The corporate representatives meet with U.S./U.K. policymakers, think tanks and leading global asset managers to share their performances and future strategy reports and present the great economic benefits that are offered in the country. The companies in the Pakistan Stock Exchange offer one of the highest dividend yields and return on equity in the world. The return at our stock market is unparalleled. Pakistan is one of the fastest growing economies in the world on the back of very strong demographics. All this needs to be told to the international investors.
JS Global is the only firm that successfully conducts these conferences every year in the U.S. and U.K. which are one of the most important countries in terms of investment into Pakistan. In the course of these conferences, the conference partners identify wide range of investment areas in the domestic economy. To sum it up, with the sixth largest population in the world, Pakistan cannot be ignored for long. Given the resources available within the country, it has great potential to become one of the most robust economies of the world.

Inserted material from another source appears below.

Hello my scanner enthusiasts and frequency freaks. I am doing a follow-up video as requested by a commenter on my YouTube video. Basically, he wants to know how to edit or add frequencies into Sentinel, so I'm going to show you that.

GVS: What do you find investors are concerned about Pakistan – has the situation improved over time?
Kamran Nasir: The concerns are threefold. These include (1) Economic, (2) Political and (2) Law and Order. These concerns are somewhat mitigating but still largely persist. The Current Account deficit which had gone out of hand to US$2bn/ month, has come down to US$1bn/month, but during this time has eaten a significant chuck of our foreign exchange reserves. The government needs to address structural flaws in the economy quickly and develop an export and import substitution driven model.
The power sector needs to be overhauled to address the circular debt while our bleeding Public Sector Enterprises need to be privatized or overhauled to contribute to our economy. Further, the tax net of Pakistan needs to be urgently increased. On the political front, things have improved. We have seen another democratic exchange of hands, which is a very encouraging sign. I believe democracy has found its foothold in Pakistan and we are now on the road to achieve political maturity over time.

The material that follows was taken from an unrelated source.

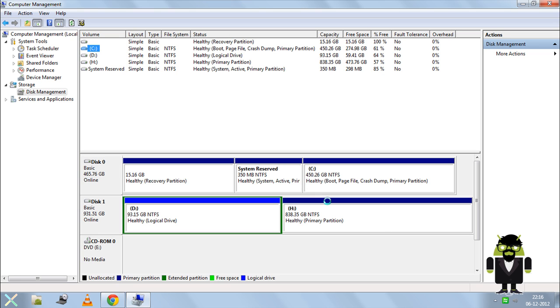This will create a partition from the free space in that drive, which is a good built-in Windows feature. No extra software is required.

On the law and order front, we have made great strides through very successful operations conducted by Pakistan’s Armed Forces and security agencies which are unprecedented in modern history. We were the frontline state on the war on terror, and we have suffered massively. But thanks to our security forces, we have had exemplary improvement in the law and order situation where Karachi the financial capital of Pakistan is shining again.
GVS: The rupee is expected to be further devalued if Pakistan starts an IMF program, how will this impact the stock market?
Kamran Nasir: Over 50 percent of the market capitalization, the likes of oil and exploration, power, banks, benefit from PKR devaluation. However, sectors like Cement, Autos, Pharmaceutical and Steels will feel the brunt of devaluation as their import cost will increase. In the lead up to devaluation, foreign investors have been selling their positions to protect themselves from PKR devaluation, resulting in downward pressure on the stock market.
The local investors also built positions in USD instead of the stocks, anticipating currency devaluation. There has already been significant rupee devaluation (~32%) in the last 12 months. Therefore the risk associated with an overvalued currency has been mostly mitigated, which should alleviate foreign investors’ concerns. In the same context, the incumbent government’s plan to seek balance of payments support from friendly countries and possibly an IMF program would bear fruit gradually in the coming years. This would provide the much anticipated solid footing to the stock market.